First, a bit about my wife. She has many good qualities, physically, mentally and emotionally. I love her to pieces! She is very quick tempered (or short), she can be oppositional if pushed, and she likes to up and go...sometimes with me...sometimes without me. Sometimes for just a day...to go drive, or shop, or have some beers. Pretty innocent stuff. And sometimes if she's just sick of me...which I hate to see her go away for theday on those terms but I think it is probably good for her.!? When she is at home she like to stay to herself alot..doin tv, laying out by the pool, catchin a buzz, stayin up later than I like...but nonetheless shes at home enjoying herself and sometimes I feel she's not taking care of herself but she claims she is good with what she does and where she's at in her life!

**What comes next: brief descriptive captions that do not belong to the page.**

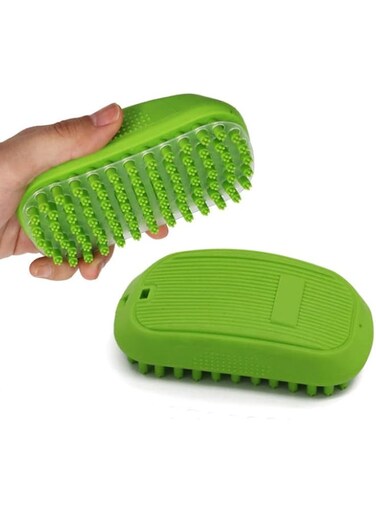 Pet Grooming Massage and Bath Brush Comb, Self Cleaning, for Long and Short Haired Dogs and Cats, Small to Medium Sized (Green)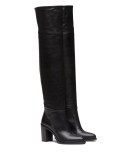 knee-length mid-heeled boots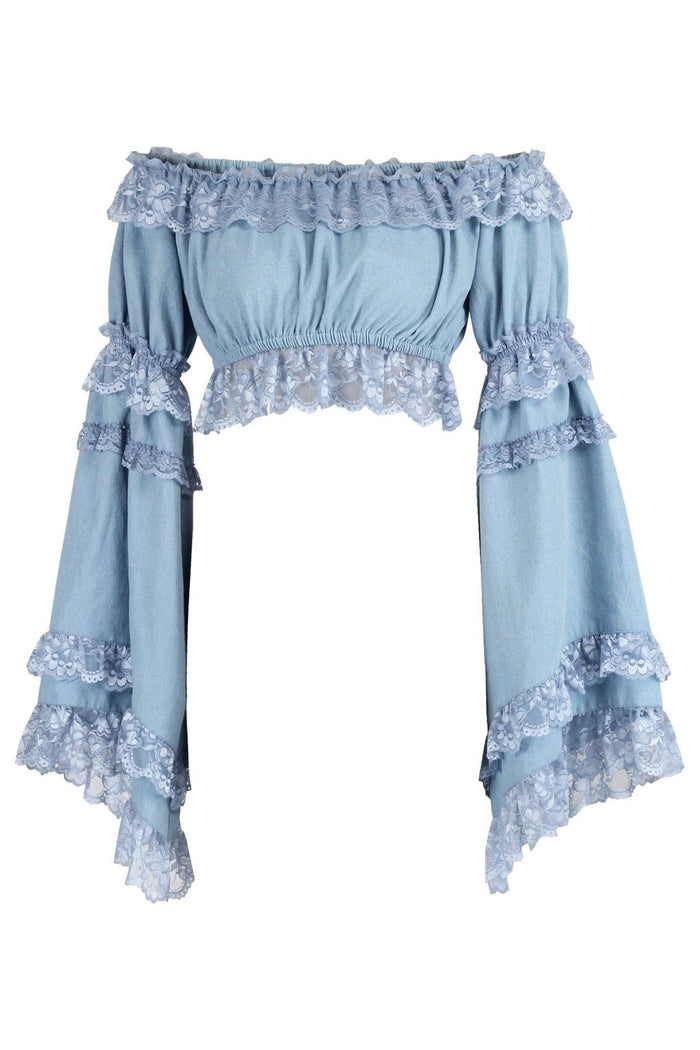 daisy beachwear Light Blue Denim Smocked Flare Sleeve Peasant Top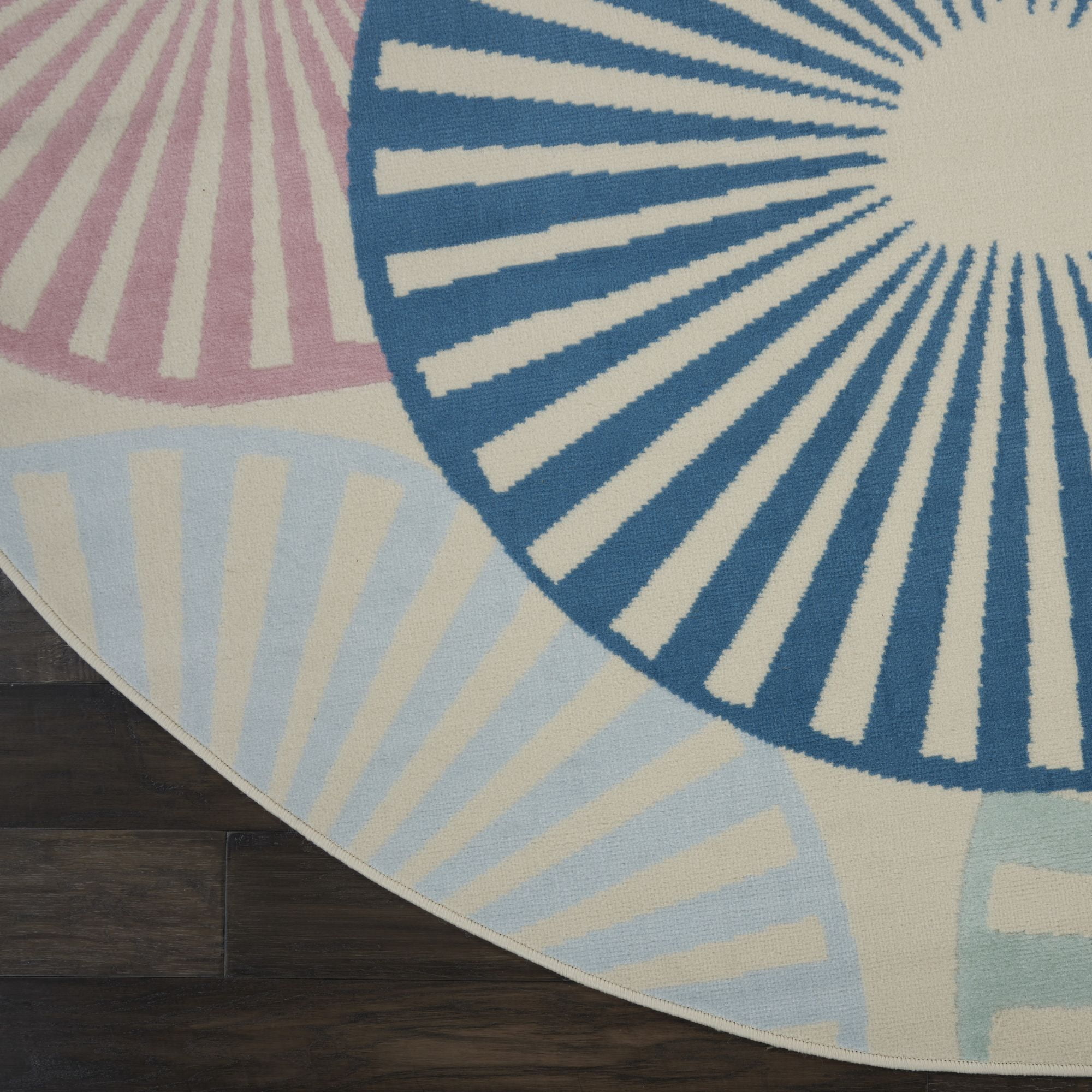 Nourison Grafix Geometric Ivory/Multi 8' x ROUND Area Rug, (8 Round)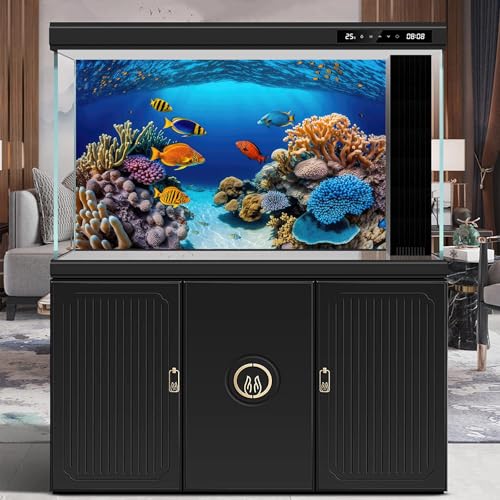 Underwater Tropical Coral Reef Aquarium Background Ocean Floor Fish Tank Backdrop Aquatic Plant Fish Landscape Terrarium Background Decorations Underwater World Theme Aquarium Poster Decor 24x12in - color: Pure Blue, size: 24(W)x12(H)in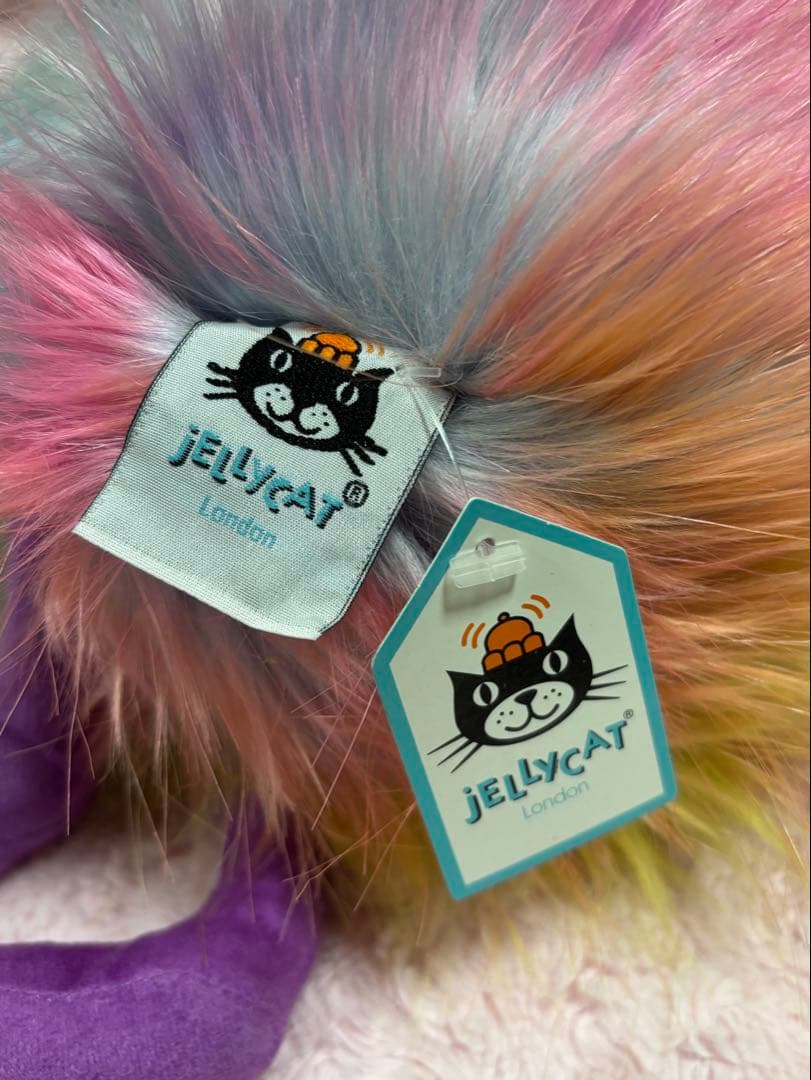 タグ付 ジェリーキャット Pompom Bird Rainbow 虹色 ダチョウ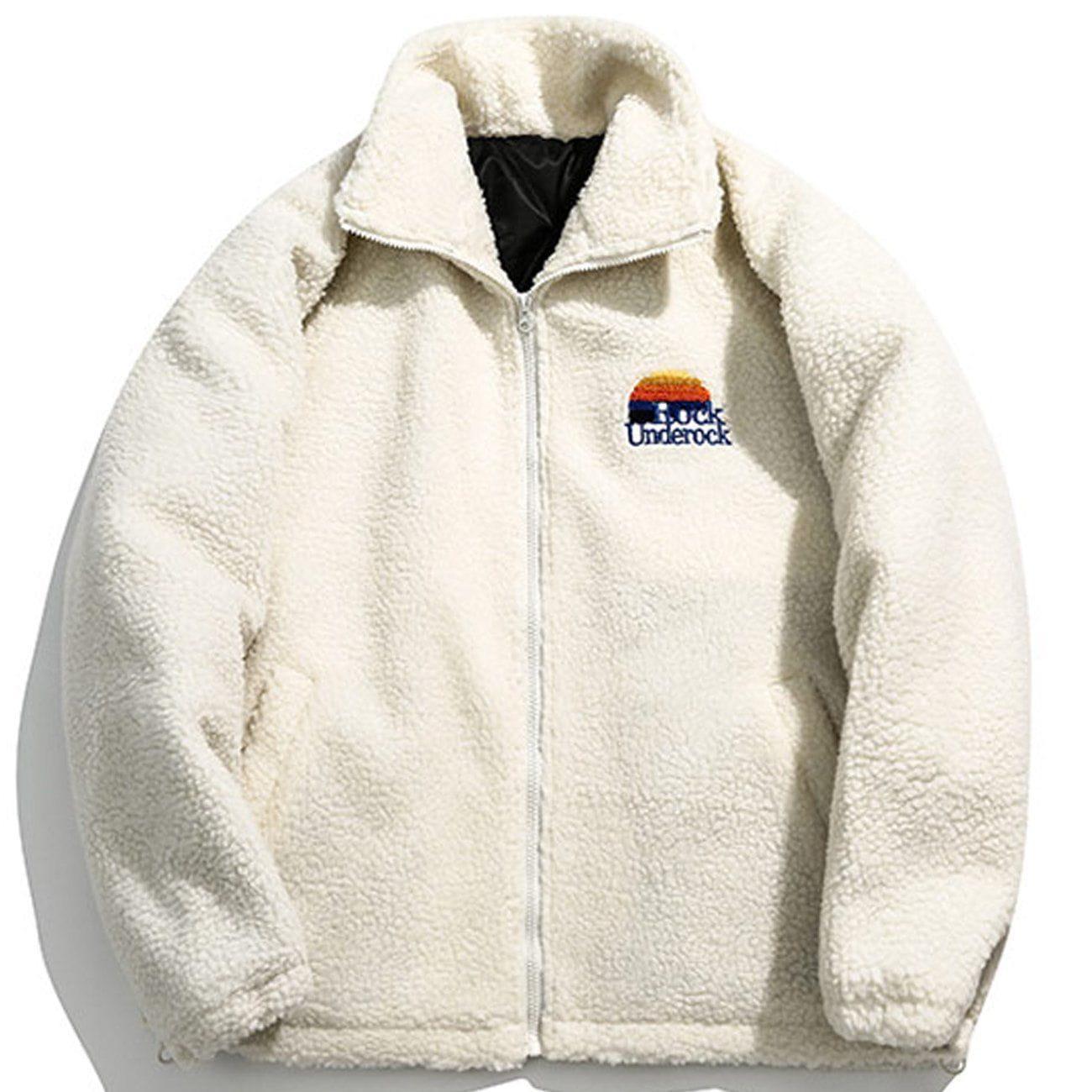 Tntwear® - Embroidery Letter Sherpa Winter Coat - tntwear1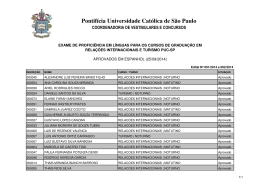 Aprovados na l&iacute;ngua Espanhola - PUC-SP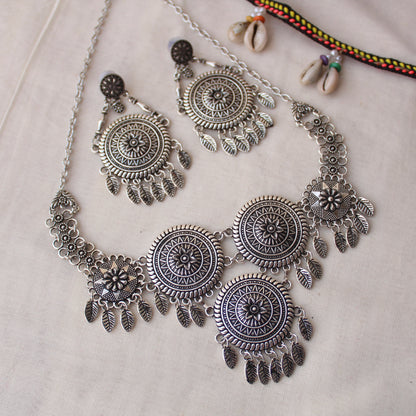 Stunning Design Oxidised Silver Necklace Set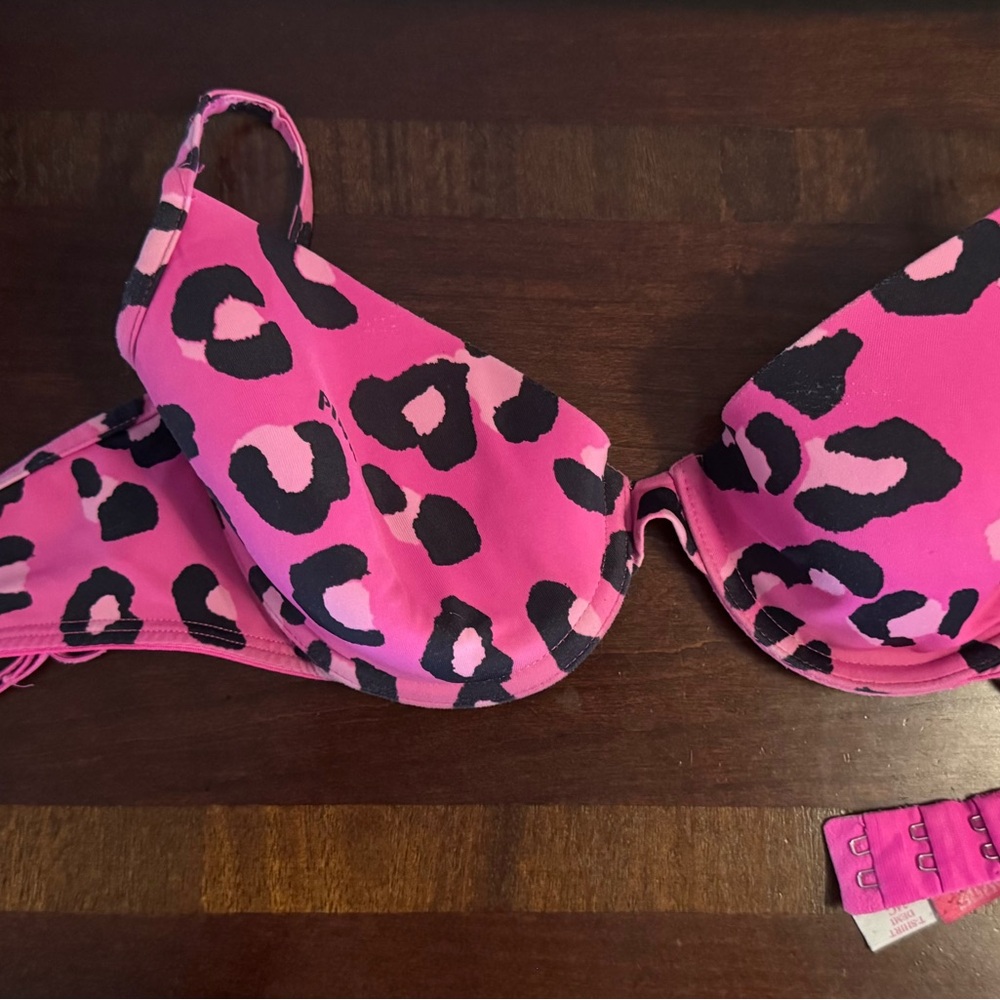 PINK Victoria's Secret Leopard Print Pink and Black Bra Used Size 34C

Now about me. I am the husband that does the "do list" cook, clean, laundry, kids, et cetera. I have always been a pleaser, and sometimes my wife says I'm trying to be too helpful, too much. I came from a divorced home, my parents divorced when I was 6 and my wife's parents have been nicely married for 40 years! So I have some insecutiries about losing people I love from childhood...so I do tend to be too helpful or do too much. 

For the first 7 or 8 years of marriage my insecurities led me to want to micro-manage our relationshipand more often than I should have...had my thumb on her. Even if she was going out with a girlfriend or by herself...my mind would go crazy and chaos would prevail. Typically she would stay out and come home around midnight or 1 am, I presume to get the most out her her alone time.

During the last year I have been trying to work on some of my issues, recently trying to tackle learning to trust myself and get over my insecurities so that I can fully trust her. Which will make my life less stressful (by not having irrational, comsuming thoughts when she's out alone for a day even though I know she will be home...it may not be until 12 or 1 am but she will come home). 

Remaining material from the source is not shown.